The only problem with this method of adding curvature is that the actual underlying geometry has not been effected.  This is only noticeable around the very edges of a figure, but it can provide a disconcertingly jagged effect.

For the most part, programs use a combination of the two methods above:  they create enough polygons in a smooth mesh to guarantee that the silhouette of the figure is not visibly jagged, and then they create a fictional curved facing on those polygons, to further smooth the appearance of the surface.  This is the technology in use in most of today's blockbuster animation movies.

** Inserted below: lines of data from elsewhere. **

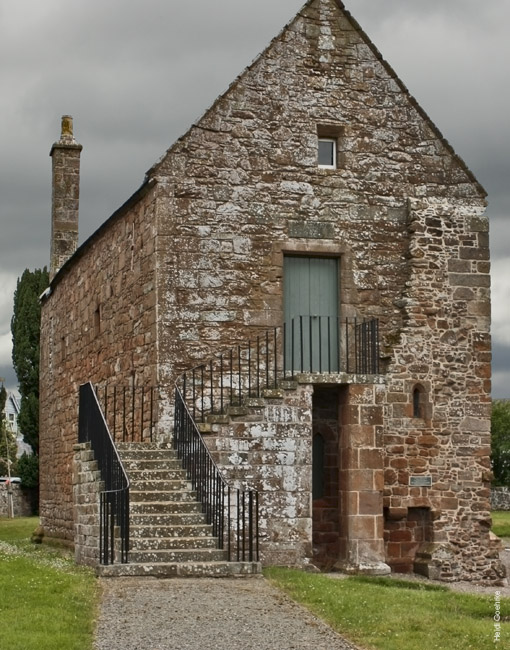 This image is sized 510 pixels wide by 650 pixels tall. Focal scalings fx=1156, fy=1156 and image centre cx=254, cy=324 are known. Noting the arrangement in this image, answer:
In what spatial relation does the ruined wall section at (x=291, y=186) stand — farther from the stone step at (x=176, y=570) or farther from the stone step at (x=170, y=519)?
the stone step at (x=176, y=570)

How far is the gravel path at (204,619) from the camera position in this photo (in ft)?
32.2

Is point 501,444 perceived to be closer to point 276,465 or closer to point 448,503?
point 448,503

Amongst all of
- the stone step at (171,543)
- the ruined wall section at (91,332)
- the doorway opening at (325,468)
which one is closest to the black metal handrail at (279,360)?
the doorway opening at (325,468)

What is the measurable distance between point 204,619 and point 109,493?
400cm

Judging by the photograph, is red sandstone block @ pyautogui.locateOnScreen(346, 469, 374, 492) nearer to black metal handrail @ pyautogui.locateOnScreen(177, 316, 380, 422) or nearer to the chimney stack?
black metal handrail @ pyautogui.locateOnScreen(177, 316, 380, 422)

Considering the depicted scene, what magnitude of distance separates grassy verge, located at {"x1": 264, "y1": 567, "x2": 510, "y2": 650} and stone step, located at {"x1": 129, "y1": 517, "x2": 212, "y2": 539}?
1.10 m

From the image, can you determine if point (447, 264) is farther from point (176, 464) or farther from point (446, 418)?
point (176, 464)

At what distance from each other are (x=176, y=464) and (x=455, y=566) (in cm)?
519

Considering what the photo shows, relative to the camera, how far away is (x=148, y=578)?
13477 millimetres

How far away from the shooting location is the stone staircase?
1364 centimetres

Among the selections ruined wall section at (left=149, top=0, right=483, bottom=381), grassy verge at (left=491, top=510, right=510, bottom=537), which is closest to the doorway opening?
ruined wall section at (left=149, top=0, right=483, bottom=381)

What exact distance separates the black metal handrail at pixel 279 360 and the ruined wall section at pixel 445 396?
0.64 metres

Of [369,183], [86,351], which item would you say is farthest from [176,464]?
[86,351]

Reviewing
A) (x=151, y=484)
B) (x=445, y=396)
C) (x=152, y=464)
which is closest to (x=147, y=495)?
(x=151, y=484) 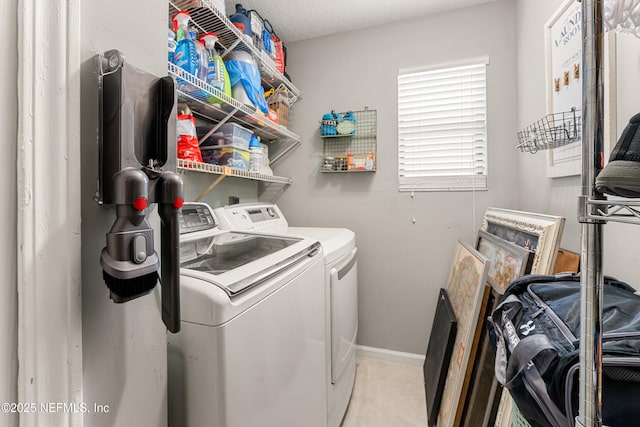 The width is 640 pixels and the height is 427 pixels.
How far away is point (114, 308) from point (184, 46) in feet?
4.03

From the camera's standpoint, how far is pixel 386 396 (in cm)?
189

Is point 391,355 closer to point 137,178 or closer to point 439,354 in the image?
point 439,354

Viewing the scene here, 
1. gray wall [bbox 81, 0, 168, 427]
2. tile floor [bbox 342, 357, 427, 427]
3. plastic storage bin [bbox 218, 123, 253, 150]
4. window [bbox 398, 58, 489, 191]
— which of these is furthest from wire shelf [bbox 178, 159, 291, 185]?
tile floor [bbox 342, 357, 427, 427]

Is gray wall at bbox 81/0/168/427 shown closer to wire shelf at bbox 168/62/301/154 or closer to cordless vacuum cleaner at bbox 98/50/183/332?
cordless vacuum cleaner at bbox 98/50/183/332

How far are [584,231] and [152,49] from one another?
3.17 feet

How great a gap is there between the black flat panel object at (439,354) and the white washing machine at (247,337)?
79 centimetres

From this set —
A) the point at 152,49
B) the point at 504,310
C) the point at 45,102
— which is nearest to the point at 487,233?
the point at 504,310

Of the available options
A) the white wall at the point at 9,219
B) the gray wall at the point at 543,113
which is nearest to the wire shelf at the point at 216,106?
the white wall at the point at 9,219

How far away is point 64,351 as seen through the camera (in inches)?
17.9

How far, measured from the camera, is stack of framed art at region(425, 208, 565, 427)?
123 cm

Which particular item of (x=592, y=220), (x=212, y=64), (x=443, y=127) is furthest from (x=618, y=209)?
(x=443, y=127)

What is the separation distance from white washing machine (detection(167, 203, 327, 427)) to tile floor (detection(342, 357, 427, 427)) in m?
0.64

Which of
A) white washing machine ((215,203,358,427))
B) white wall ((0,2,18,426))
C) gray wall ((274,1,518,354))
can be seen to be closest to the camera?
white wall ((0,2,18,426))

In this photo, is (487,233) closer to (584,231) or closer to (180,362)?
(584,231) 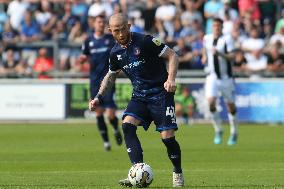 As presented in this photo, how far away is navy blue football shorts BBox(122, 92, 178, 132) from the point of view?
12.4 meters

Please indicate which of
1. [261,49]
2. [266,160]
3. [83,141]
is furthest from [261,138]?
[261,49]

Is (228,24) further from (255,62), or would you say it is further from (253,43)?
(255,62)

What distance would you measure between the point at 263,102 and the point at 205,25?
16.6 feet

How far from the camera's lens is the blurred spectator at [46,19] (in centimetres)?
3238

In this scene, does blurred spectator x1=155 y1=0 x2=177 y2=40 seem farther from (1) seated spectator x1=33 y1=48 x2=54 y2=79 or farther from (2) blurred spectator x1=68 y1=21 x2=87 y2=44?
(1) seated spectator x1=33 y1=48 x2=54 y2=79

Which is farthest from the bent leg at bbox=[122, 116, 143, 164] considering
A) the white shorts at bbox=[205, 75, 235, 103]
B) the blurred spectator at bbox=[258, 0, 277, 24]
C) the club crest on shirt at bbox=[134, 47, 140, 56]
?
the blurred spectator at bbox=[258, 0, 277, 24]

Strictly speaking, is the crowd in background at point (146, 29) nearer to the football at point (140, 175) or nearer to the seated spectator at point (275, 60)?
the seated spectator at point (275, 60)

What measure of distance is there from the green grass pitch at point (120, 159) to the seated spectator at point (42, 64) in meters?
3.49

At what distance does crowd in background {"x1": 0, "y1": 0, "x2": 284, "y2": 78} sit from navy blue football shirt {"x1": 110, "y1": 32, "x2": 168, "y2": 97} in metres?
17.8

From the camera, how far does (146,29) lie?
3294 centimetres

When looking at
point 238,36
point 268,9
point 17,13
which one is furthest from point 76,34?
point 268,9

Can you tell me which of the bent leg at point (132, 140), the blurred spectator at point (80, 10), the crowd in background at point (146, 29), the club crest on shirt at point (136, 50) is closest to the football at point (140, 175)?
the bent leg at point (132, 140)

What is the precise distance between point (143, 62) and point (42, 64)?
746 inches

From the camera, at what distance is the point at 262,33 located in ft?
107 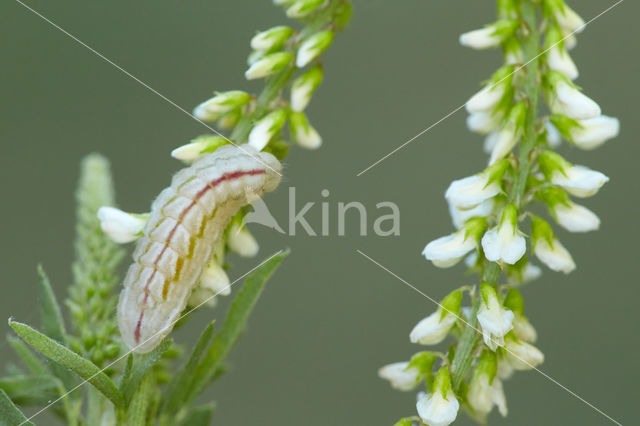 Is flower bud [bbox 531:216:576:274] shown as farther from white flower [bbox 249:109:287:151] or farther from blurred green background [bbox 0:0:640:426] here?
blurred green background [bbox 0:0:640:426]

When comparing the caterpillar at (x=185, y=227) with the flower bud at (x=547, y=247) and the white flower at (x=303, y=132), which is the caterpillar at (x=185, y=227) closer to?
the white flower at (x=303, y=132)

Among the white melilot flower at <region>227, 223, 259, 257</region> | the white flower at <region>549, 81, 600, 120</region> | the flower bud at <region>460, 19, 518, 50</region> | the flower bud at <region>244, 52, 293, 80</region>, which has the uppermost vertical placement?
the flower bud at <region>460, 19, 518, 50</region>

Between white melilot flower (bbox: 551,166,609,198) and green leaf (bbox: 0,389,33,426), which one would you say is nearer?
green leaf (bbox: 0,389,33,426)

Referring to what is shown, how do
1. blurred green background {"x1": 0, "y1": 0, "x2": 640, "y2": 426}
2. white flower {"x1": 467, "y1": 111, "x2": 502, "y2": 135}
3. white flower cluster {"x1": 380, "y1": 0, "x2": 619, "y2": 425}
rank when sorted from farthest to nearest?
blurred green background {"x1": 0, "y1": 0, "x2": 640, "y2": 426} → white flower {"x1": 467, "y1": 111, "x2": 502, "y2": 135} → white flower cluster {"x1": 380, "y1": 0, "x2": 619, "y2": 425}

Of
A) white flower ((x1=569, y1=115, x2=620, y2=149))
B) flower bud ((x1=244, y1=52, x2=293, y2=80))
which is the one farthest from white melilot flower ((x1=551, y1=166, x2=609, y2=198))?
flower bud ((x1=244, y1=52, x2=293, y2=80))

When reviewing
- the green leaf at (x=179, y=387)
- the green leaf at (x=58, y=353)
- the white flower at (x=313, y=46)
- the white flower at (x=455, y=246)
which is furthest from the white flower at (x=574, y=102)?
the green leaf at (x=58, y=353)

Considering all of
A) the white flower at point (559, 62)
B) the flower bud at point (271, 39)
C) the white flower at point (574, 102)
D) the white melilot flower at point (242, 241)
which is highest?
the flower bud at point (271, 39)

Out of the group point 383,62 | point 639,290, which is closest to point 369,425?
point 639,290

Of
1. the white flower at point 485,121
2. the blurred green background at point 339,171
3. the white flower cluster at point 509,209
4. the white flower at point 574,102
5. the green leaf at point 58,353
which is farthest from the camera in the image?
the blurred green background at point 339,171

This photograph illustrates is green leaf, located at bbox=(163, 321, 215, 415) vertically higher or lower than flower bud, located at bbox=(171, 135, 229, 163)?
lower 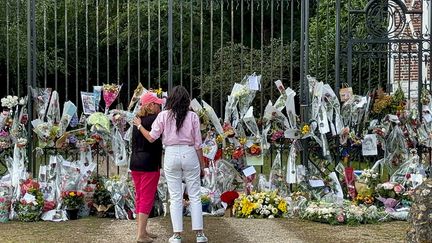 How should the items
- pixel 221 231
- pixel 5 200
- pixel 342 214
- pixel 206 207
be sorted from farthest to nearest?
pixel 206 207, pixel 5 200, pixel 342 214, pixel 221 231

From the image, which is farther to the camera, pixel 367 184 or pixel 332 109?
pixel 332 109

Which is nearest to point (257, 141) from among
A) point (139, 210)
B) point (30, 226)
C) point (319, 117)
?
point (319, 117)

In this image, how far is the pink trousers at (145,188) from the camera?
7281 millimetres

A third option is becoming increasingly powerful.  Some programs are now developing facilities to work with surfaces more mathematically flexible than polygons.  By defining information about how a line should curve between its two endpoints, the program is able to make surfaces that are naturally without facets.  Also, because the curvature is mathematically defined, it effects both the silhouettes and the surface appearance of the model, without requiring an unwieldy number of points.  The problem with this method is that it requires even more computational power to render a sparse mesh of these curving surfaces than it does to render an extremely dense mesh of polygons.  However, with computer power increasing exponentially, this method is gaining increasing prominence.  This method of storage and rendering is described by many names, according to the specific mathematics involved, but generally all of the names have "Spline" somewhere in them ("Spline" being the general mathematical term for a curve between two end-points with curvature defined by additional numeric controls).

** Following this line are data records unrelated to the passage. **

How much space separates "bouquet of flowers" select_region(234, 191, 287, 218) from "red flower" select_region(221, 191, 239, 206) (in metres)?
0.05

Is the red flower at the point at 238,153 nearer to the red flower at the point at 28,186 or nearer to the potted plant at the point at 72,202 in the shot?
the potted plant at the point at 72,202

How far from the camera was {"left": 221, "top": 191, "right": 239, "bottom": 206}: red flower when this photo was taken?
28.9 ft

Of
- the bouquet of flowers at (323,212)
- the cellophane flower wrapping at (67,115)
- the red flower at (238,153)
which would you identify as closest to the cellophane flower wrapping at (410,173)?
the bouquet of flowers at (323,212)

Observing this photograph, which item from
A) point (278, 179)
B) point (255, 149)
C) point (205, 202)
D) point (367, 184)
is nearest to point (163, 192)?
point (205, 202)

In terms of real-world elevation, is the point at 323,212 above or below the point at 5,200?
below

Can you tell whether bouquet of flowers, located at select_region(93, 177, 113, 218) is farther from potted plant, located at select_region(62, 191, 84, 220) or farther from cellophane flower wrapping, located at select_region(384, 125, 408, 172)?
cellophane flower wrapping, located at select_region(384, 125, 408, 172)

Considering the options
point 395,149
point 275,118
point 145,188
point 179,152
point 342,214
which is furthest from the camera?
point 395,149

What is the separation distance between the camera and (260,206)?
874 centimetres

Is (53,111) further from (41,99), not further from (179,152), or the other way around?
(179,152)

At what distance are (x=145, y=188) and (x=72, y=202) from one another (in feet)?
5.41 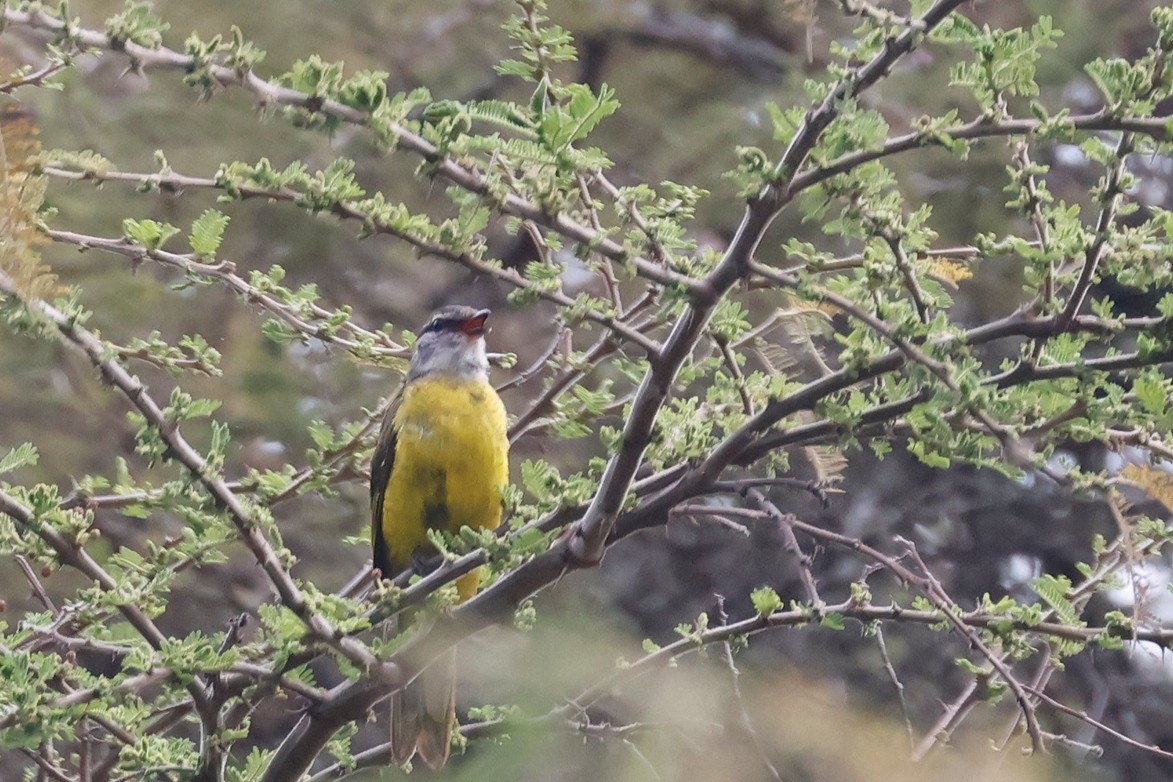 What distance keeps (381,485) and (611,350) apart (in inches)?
48.0

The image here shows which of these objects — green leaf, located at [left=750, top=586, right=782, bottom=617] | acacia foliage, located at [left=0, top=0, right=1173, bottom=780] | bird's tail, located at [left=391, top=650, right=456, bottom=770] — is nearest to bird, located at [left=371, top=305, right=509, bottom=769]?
bird's tail, located at [left=391, top=650, right=456, bottom=770]

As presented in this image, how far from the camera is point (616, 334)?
249cm

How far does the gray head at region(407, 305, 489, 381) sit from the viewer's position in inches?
182

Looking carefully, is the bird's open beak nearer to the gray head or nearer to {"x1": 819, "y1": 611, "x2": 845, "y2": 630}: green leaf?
the gray head

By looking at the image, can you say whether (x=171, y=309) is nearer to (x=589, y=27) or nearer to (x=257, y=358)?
(x=257, y=358)

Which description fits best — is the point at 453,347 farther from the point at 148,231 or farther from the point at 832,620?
the point at 832,620

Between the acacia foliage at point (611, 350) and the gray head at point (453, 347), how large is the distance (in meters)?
1.19

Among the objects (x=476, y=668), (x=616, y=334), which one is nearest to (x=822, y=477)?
(x=616, y=334)

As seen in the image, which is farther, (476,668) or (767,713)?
(476,668)

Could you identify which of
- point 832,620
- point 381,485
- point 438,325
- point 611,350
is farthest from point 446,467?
point 832,620

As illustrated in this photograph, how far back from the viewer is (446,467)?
4344mm

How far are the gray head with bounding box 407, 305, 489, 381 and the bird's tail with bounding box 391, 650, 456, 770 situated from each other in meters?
1.10

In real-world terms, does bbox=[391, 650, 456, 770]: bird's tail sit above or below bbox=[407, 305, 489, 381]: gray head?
below

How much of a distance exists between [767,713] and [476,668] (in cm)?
60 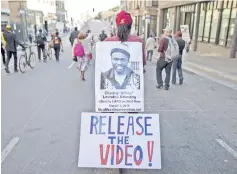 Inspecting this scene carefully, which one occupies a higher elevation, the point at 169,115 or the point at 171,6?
the point at 171,6

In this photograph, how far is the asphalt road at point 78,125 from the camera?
135 inches

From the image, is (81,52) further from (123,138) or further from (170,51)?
(123,138)

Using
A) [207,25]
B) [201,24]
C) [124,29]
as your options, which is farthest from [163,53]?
[201,24]

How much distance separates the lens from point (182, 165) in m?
3.41

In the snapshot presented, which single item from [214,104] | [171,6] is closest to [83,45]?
[214,104]

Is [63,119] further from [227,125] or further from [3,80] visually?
[3,80]

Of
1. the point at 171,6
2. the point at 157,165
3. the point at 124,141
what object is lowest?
the point at 157,165

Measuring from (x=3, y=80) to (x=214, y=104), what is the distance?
7.10 meters

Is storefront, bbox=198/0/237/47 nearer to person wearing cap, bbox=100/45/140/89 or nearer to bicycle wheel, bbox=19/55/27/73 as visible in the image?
bicycle wheel, bbox=19/55/27/73

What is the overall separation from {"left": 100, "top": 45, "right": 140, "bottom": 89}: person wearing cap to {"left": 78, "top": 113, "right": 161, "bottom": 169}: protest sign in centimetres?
35

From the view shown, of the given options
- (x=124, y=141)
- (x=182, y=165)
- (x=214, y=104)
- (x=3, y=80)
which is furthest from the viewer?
(x=3, y=80)

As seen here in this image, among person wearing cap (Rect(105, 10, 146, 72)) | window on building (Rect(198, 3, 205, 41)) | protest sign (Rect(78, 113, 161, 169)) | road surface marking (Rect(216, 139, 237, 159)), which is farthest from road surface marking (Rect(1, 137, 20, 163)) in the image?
window on building (Rect(198, 3, 205, 41))

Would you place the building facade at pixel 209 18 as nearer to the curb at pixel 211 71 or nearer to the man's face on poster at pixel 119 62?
the curb at pixel 211 71

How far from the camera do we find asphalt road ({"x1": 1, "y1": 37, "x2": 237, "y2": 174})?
11.3 feet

A fourth method, which is extremely powerful in some specialized cases, is to represent geometry in a different way: specifically, points are recorded as before, but now each point has a geometric shape associated with it. In its simplest form, this shape is a sphere of a specified radius, but there are also systems that allow more complicated shapes.  When the computer searches for the surface of the object, it takes into account the influence of the shapes defined by all nearby points, and blends their shapes together before calculating the output color.  This often results in a slightly "gooey" looking output, with a feeling of surface tension between the various shapes. However, this output is often ideal for items such as smoke clouds, explosions, and of course liquids.  This method also has various names, but each name generally derives from the original name of "Metaballs" (creating names like "Metablocks" and so forth).

Characters made in a computer program often have very dense surface detail.  Dinosaurs have scales, aliens have strange flickering skin, and so on.  Fortunately, all of this detail does not need to be created polygon by polygon.  Instead, almost all computer 3-d programs support various implementations of a technology known as "Texture mapping".

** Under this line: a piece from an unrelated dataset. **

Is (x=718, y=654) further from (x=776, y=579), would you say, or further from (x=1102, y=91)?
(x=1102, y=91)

The fundamental trick of texture mapping is that the computer takes a flat image and creates a set of numeric codes that tell it how to map that image onto a set of polygons.  In the case of a color texture map (the most simple type, and the example that will be used to explain the method), when the program needs to know the color of a particular point on a polygon, it uses the codes to discover where each of the polygon's corner points lies on the image, and then uses that information to deduce where the specified point would lie between those points in the image. It then looks up the color stored at the calculated point on the image, and uses it throughout the rest of the calculations (Texture maps can also be applied to Spline based models;  There is some difficulty, however, applying texture maps to meta-ball objects, because the varying scale of the "surface tension" areas between the meta-shapes makes it hard to pin down reference points on the flat image).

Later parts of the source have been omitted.